New Drug Development Tools (DDT): Connecting the Dots Between Biomarker Discovery and Improved Patient Outcomes

For at least two decades, biological markers, or biomarkers, have been promoted as key advances in scientific discovery that provide a measure of biological function. Researchers and, indeed, the public expect biomarkers to be useful in delivering science-based improvements in health care, particularly in clinical diagnostics. After all, a biomarker is defined as, “A characteristic that is objectively measured and evaluated as an indicator of normal biological processes, pathogenic processes or pharmacologic responses to therapeutic intervention.”1 Thus, biomarkers are expected to be diagnostically significant in aiding the clinician in sorting through the various potential causes underlying macro symptoms such as fever, pain, nausea, and hives.

Biomarkers have intuitive appeal to scientists and clinicians. Many have been reported, but elevating these discoveries to practice has been slow. After discovery, many dots must be connected between validation, development of assays, adoption of assays, etc. Results, in terms of improved patient outcomes, are disappointing by any standard.
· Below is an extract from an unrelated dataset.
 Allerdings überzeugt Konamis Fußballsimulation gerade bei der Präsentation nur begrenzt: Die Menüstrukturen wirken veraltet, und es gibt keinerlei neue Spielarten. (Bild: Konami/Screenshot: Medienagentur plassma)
As organizations charged with improving health care, the U.S. FDA and European Medical Agency have responded with regulatory qualification of biomarkers, where the agencies seek to provide a framework to advance discovered biomarkers to assays and other uses. Qualification includes validation of the testing platform and recognition of “fit for purpose.” “Purpose” includes documentation of intended use, including sample availability and utility in practice.

In May 2012, the FDA announced three Drug Development Tools Qualification Programs to facilitate development of protocols for: 1) biomarkers, 2) clinical outcomes assessments, and 3) animal models. “Qualification” means that, once a tool is qualified, the FDA recognizes that the drug development tool (DDT) can be relied upon in development and regulatory review. The DTT is context specific. Qualification does not mean that the DDT can be used in clinical diagnostic or therapeutic purposes without further regulatory review. It does, however, recognize that the tool qualifies as suitable for intended use in a specific context.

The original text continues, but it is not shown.